Washington DC this week successfully launched a US variant. A single officer was able to issue over 200 citations in a little over an hour. For the District of Columbia, the technology vendors have promised a total take $23,000,000 a year for the city. What does it matter that DC’s limits do not meet basic federal statutory requirements and are grossly under posted? Here is political cartoon from the August 8, 2001 issue of the Washington Times. It about says it all.

washington times cartoon

Cash, and lots of it is a powerful force. It appears that state officials in Montana couldn’t resist either.

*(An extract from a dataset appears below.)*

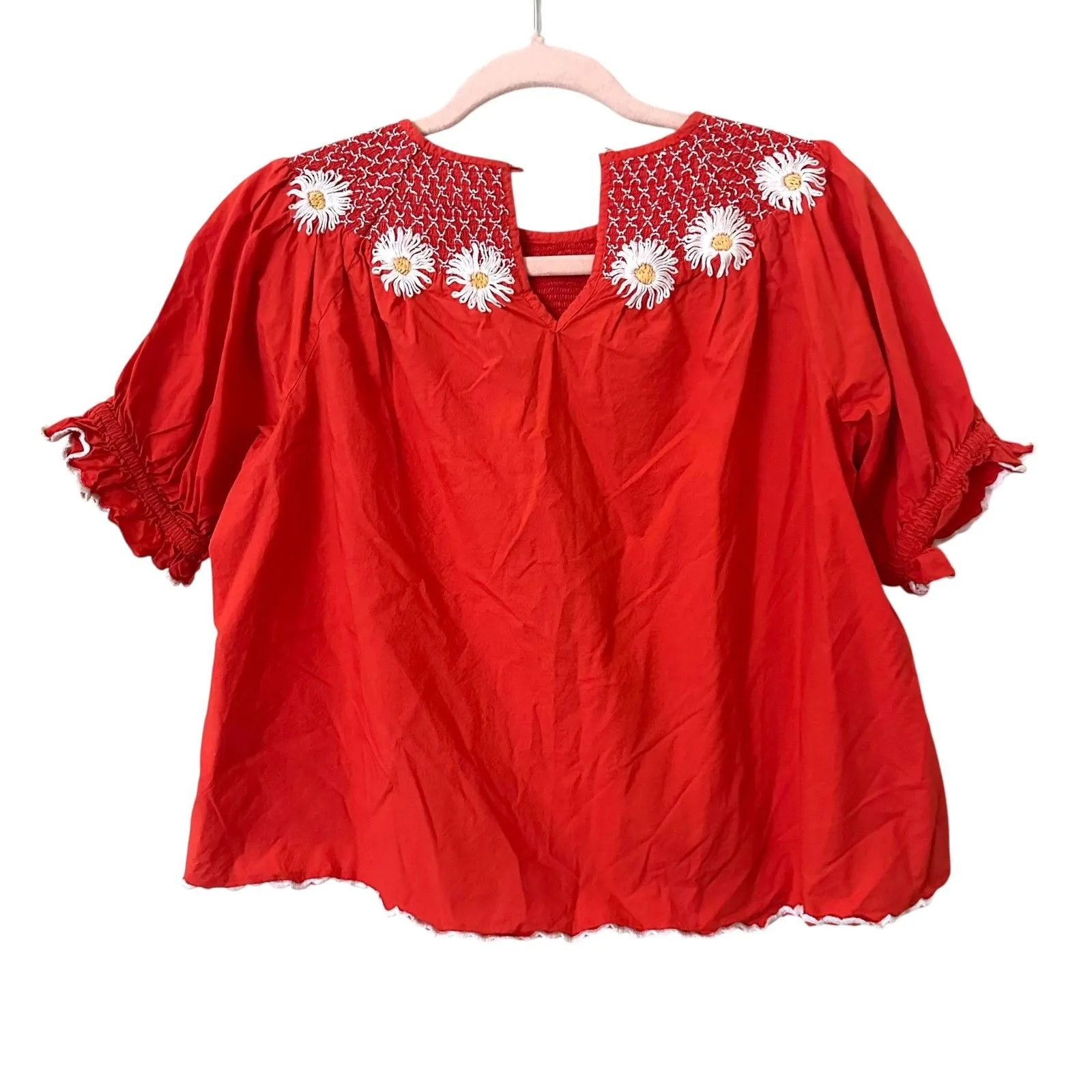 SAYLOR Zuzu‎ Daisy Floral Top Red Medium - Image 3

Politically the word Safety has become synonymous with money, law and order and the political support of those on its dole or profit from it. This is why NHTSA has thrived despite the facts for 27 years. A law enforcement endorsement come election time is a powerful force indeed. Much more so than mere facts! Who cares that traffic engineers long ago (30, 40, 50 and more years ago) had conclusively proven that neither speed limits, nor their enforcement has any meaningful effect on traffic speeds and accident rates? Thus this lack of factual foundation is clearly why NHTSA resorted to fictitious reports complete with supporting PR campaigns. Exactly like Sony did to market it movies. Using the names of a real entity or issue, but a fictitious source where all its facts or quotes were invented or creatively altered to sell its program.

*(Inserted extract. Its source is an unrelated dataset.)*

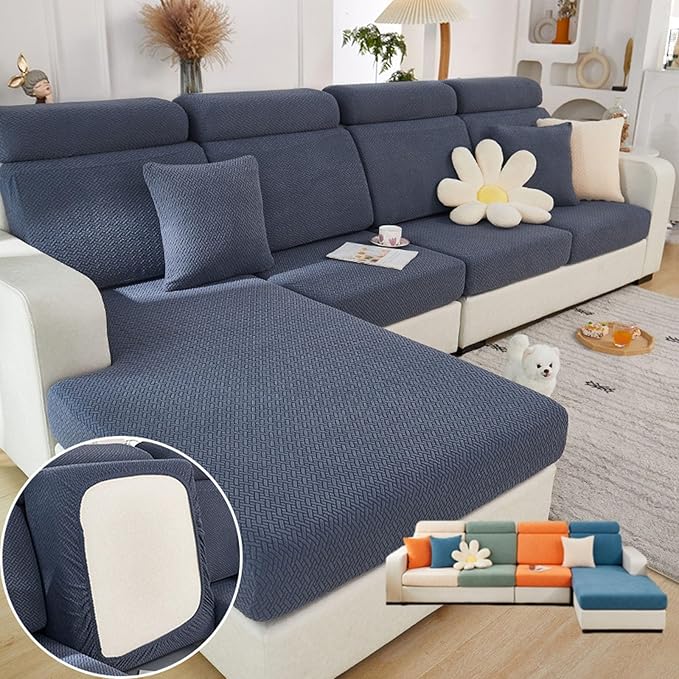 Soothing Home Sofa Covers, Sofa Hero Covers, Wear-Resistant Universal Couch Covers Washable Stretch Sectional Couch Cushion Covers (Metal Grey,Large Double Seat Cover)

Likewise, here is another program that will not find its way into their reference materials. To their chagrin, here is this week’s headline. After a year of intense new enforcement efforts, like Montana, Connecticut ended with increased fatalities and accident rates. Providing another timely example of the fallacy of these programs.

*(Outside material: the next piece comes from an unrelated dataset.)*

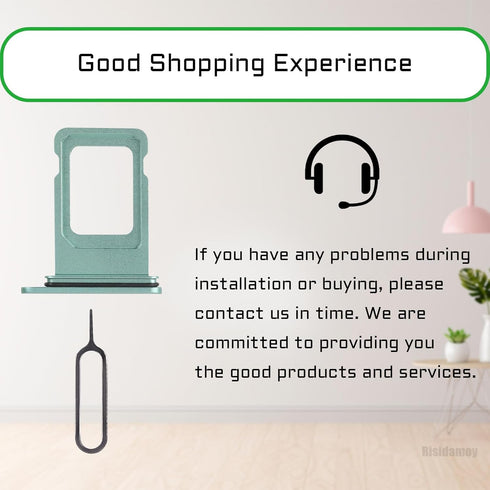 iPhone 11 Green SIM Card Slot Replacement, Single SIM Version Card Tray Holder Adapter with Waterproof Rubber Ring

August 1, 2001, Wednesday, BC cycle
Accidents increase during commissioner's first year, analysis finds
By RON ZAPATA, Associated Press Writer
DATELINE: MIDDLETOWN, Conn.

   Public Safety Commissioner Arthur Spada's very public crackdown on speeding has not reduced the number of wrecks on Connecticut highways, an Associated Press analysis of accident and ticket statistics finds.
    Police statistics show 34,216 accidents - including 152 fatal accidents - were reported by state police from June 1, 2000, to May 31, 2001, Spada's first full year as commissioner. That's an increase of 2,340 accidents, or 7 percent, and 35 fatal wrecks over the preceding year.
    The numbers, some of which were obtained through Freedom of Information Act requests, do not include accidents handled by agencies other than the state police.
    The increase comes despite Spada's emphasis on traffic violations, which he said has resulted in an increased number of summonses issued.
    From his first day in office, Spada said stopping speed demons and bad drivers was his top priority. He set up speed traps on all major state highways, increased the traffic division from eight officers to 50, and encouraged police managers to keep a "state trooper" sign on the rear of their cruisers at all times.”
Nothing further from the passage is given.